§ **Information supplied**:
# # # # # # #
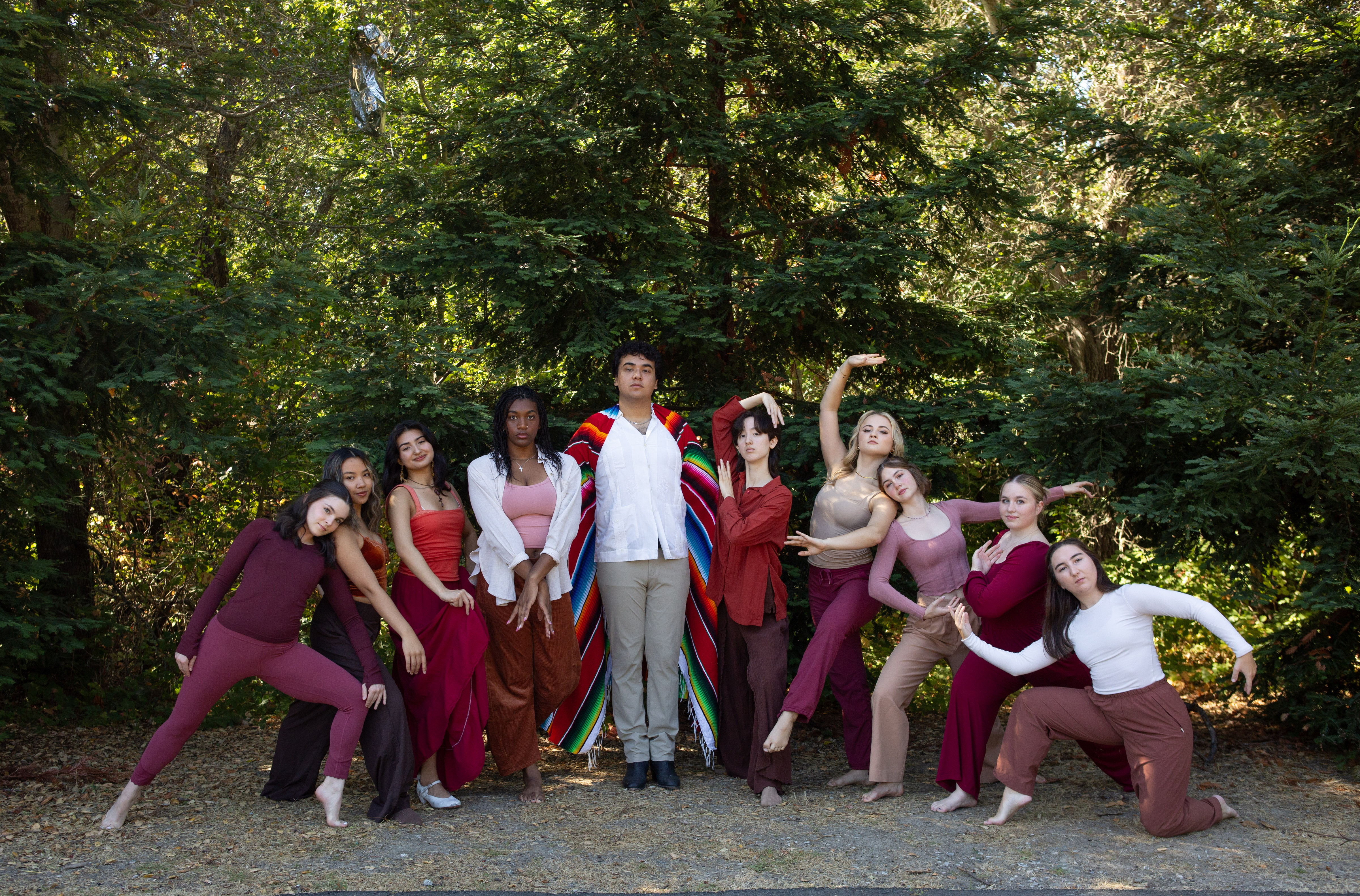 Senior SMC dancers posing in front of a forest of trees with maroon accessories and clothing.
# # # # # # #
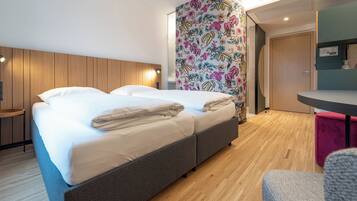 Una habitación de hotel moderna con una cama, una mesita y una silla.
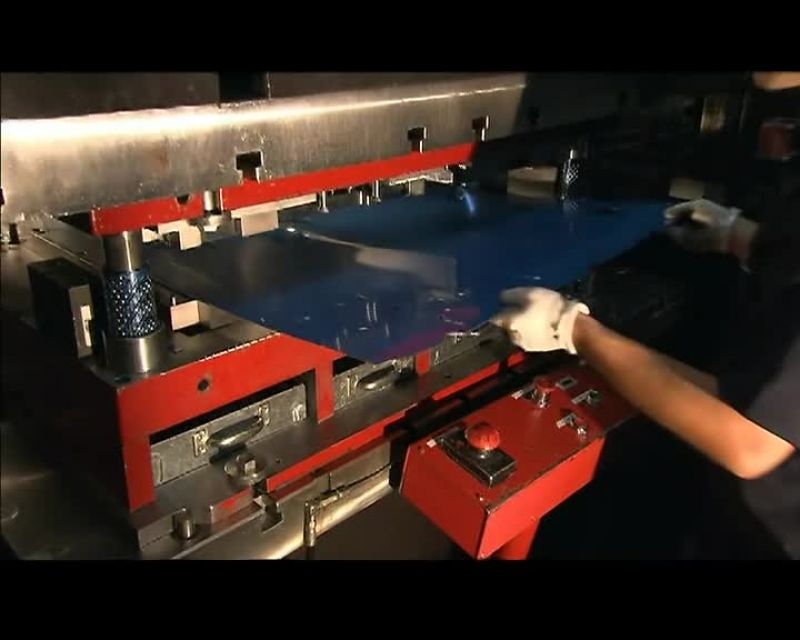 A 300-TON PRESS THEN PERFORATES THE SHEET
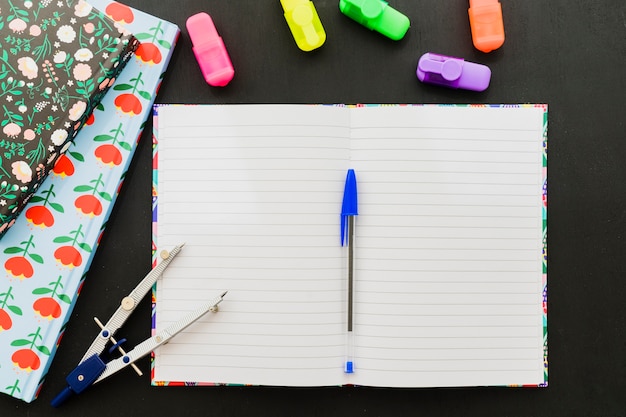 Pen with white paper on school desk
# # # # # # #
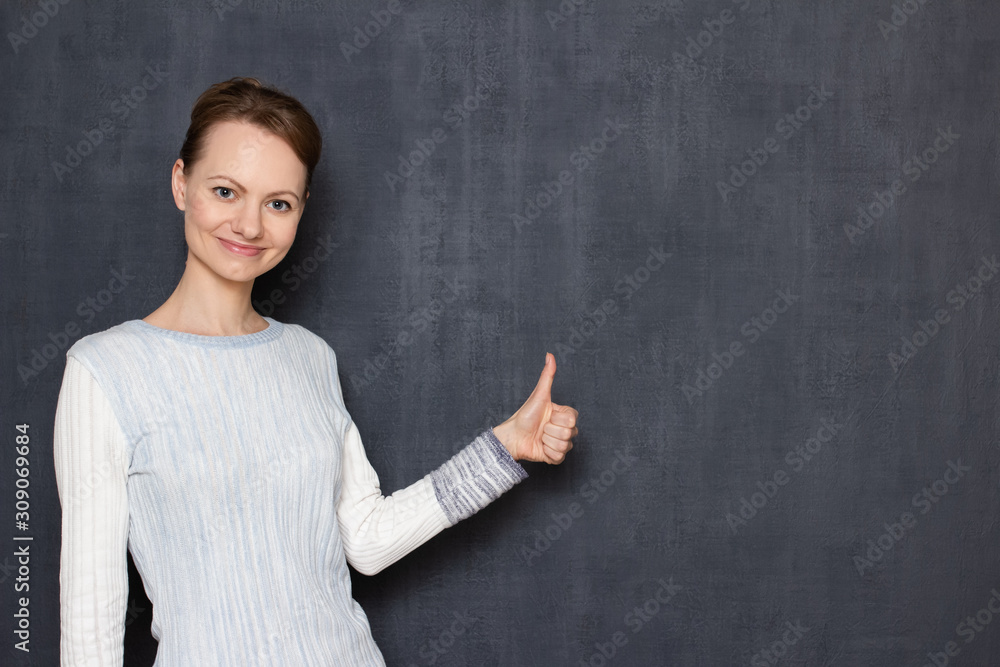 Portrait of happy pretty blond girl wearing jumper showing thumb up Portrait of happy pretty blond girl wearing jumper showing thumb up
# # # # # # #
§ **Task description**: Set down again, exactly, every line above from the one with "Una habitación de" down to the one with "Pen with white paper on school desk", both ends included. No pictures, and nothing else.

§ **Answer to the exercise**:
 Una habitación de hotel moderna con una cama, una mesita y una silla.
 A 300-TON PRESS THEN PERFORATES THE SHEET
 Pen with white paper on school desk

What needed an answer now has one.